(Stored records)
■ ■ ■

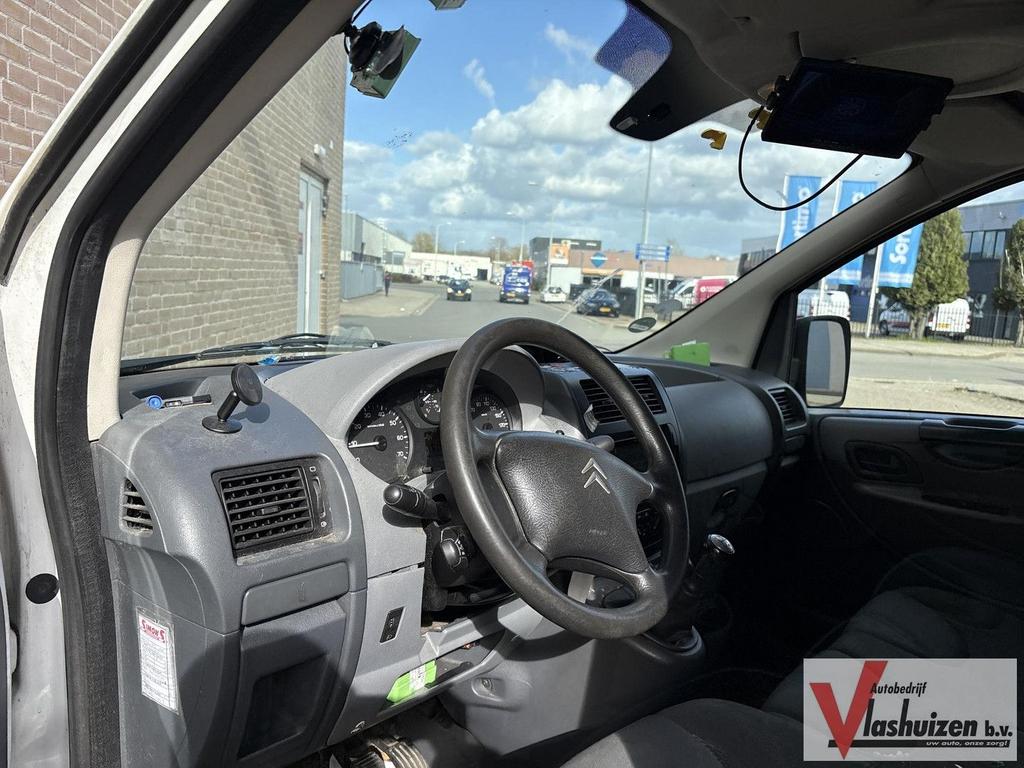 Citroën Jumpy 12 1.6 HDI L2 H1 | € 2.450,- MARGE! | Bijrijde, Auto's, Bestelwagens en Lichte vracht, ABS, Citroën, Bedrijf, Te koop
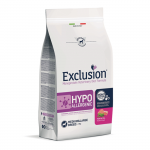 Exclusion Hypoallergenic kuivtoit keskmist ja suurt t&otilde;ugu allergilistele koertele sealiha ja hernestega, M/L, 12kg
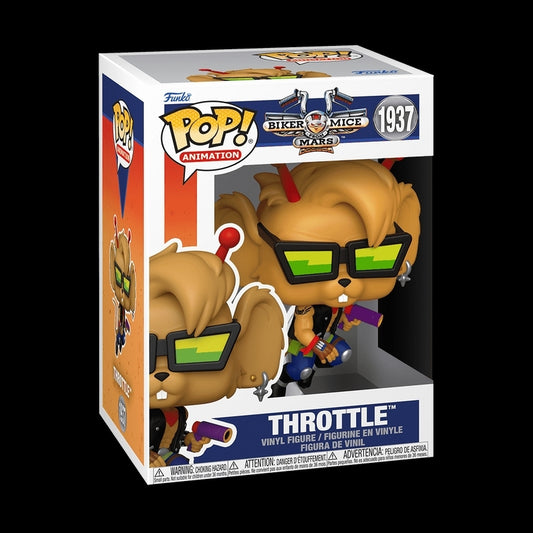 Funko Pop! Throttle 1937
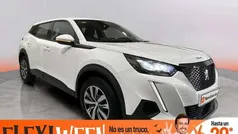 Usado 2020 Peugeot 2008 Active SUV | 9990 € (Precio justo)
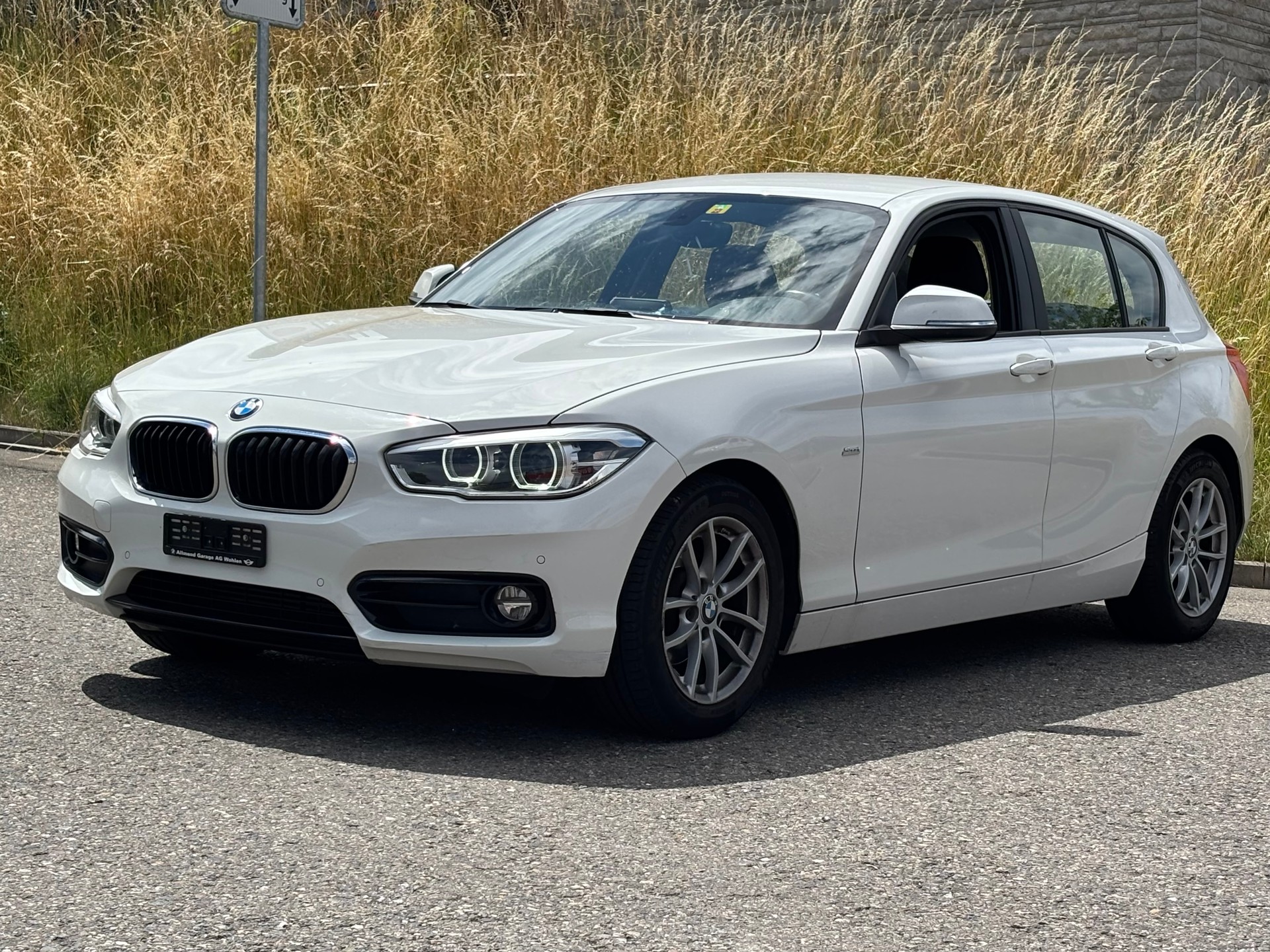 BMW 116d M Sport-image-0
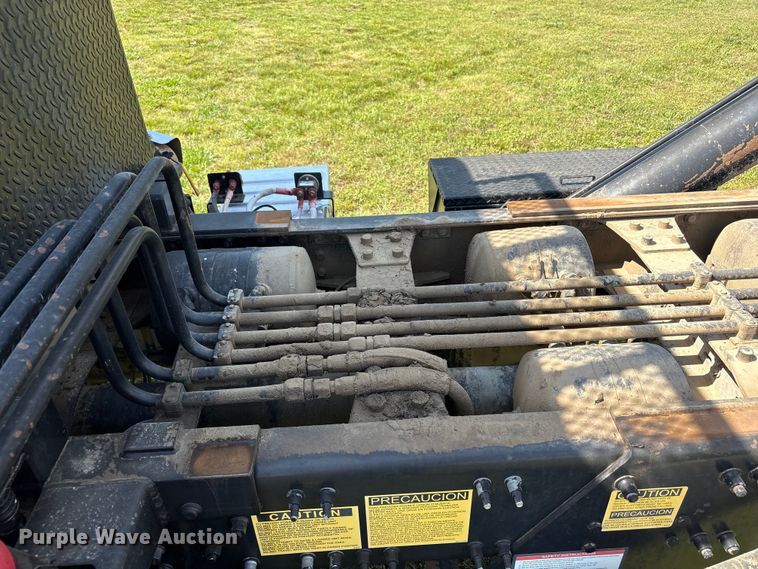 image for item EW1497 2019 Mack Granite rollback truck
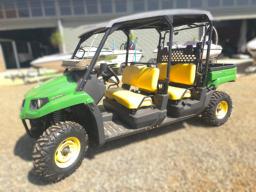 2014 John Deere XUV 550 S4 UTV (STC)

■ ■ ■

*WHAT YOU WILL DO*
Drop the pictures and reproduce the rest of the data exactly.

*PROBLEM SOLUTION*
 Citroën Jumpy 12 1.6 HDI L2 H1 | € 2.450,- MARGE! | Bijrijde, Auto's, Bestelwagens en Lichte vracht, ABS, Citroën, Bedrijf, Te koop
 Exclusion Hypoallergenic kuivtoit keskmist ja suurt t&otilde;ugu allergilistele koertele sealiha ja hernestega, M/L, 12kg
 Funko Pop! Throttle 1937
 Usado 2020 Peugeot 2008 Active SUV | 9990 € (Precio justo)
 BMW 116d M Sport-image-0
 image for item EW1497 2019 Mack Granite rollback truck
 2014 John Deere XUV 550 S4 UTV (STC)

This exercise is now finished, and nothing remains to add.